Blogger Ronnie K. disse...

E será que em meio à essa confusão toda, "perdido" num país estrangeiro do qual não se sabe a língua, se consegue pensar em Literatura e no principal objetivo da aventura? Essa é uma questão que os participantes dessa Empreitada poderiam comentar nos blogs. Torço pelo Projeto, acho válido. Mas o prazo de um mês é ridículo, no máximo dá pro cara ficar zanzando que nem um cachorro louco pelas ruas das metrópoles; não dá pra apreender a atmosfera da cidade e nem se enraizar minimamente para escrever com legitimidade tendo a metrópole como cenário. É o que eu penso. Mas tomara que dê certo para todos e produzam boas histórias!

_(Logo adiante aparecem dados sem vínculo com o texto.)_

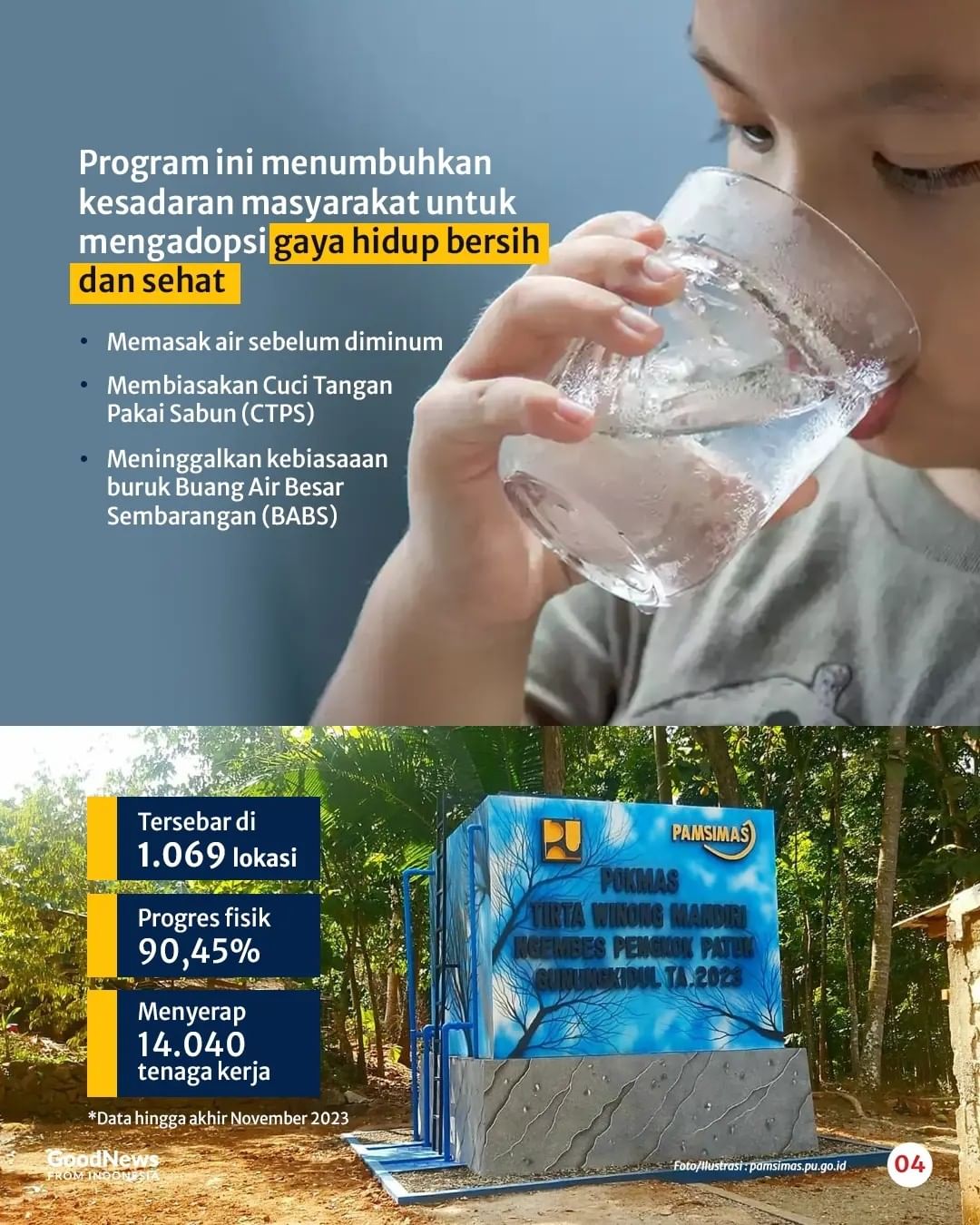 Mengenal Pamsimas dan Sanimas, Solusi Penyediaan Air Minum dan Sanitasi di Indonesia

Um abraço.

12 de setembro de 2007 às 07:15  
Blogger Laís disse...

aiai, que engraçado o seu comentário!
Até o final do mês você aprende a pedir pro onibus parar...


bjjss

12 de setembro de 2007 às 08:52  
Blogger Dora disse...

pegue o primeiro avião para las vegas, assim você evita não o atraso, mas o anacronismo.

13 de setembro de 2007 às 22:10  
Blogger Saint-Clair Stockler disse...

Não consigo entender o mau humor dos (das?) comentadores deste blog. Galera, vamos dar força pro Bernardo, sô... Quanto a mim, torço pra que você, Bernardo, consiga aproveitar a estadia (curta ou não, peu importe), e que volte com algumas belas imagens para construir uma história legal, do jeito que você gosta. Força aí! E que algum dos Patriarcas russos - São Qualquer-Coisa - o proteja e o guarde!

15 de setembro de 2007 às 18:34  
Blogger ddd disse...

a coisa ai parece que tá russa heim? huahuahua
não se apoquente meu caro. Isto irá lhe inspirar a conceber um romance mais pessimista que o notas do subterrâneo...

17 de setembro de 2007 às 16:52  
Blogger Maria Guimarães disse...

você foi praí a serviço das palavras... e elas pelo visto estão caprichando!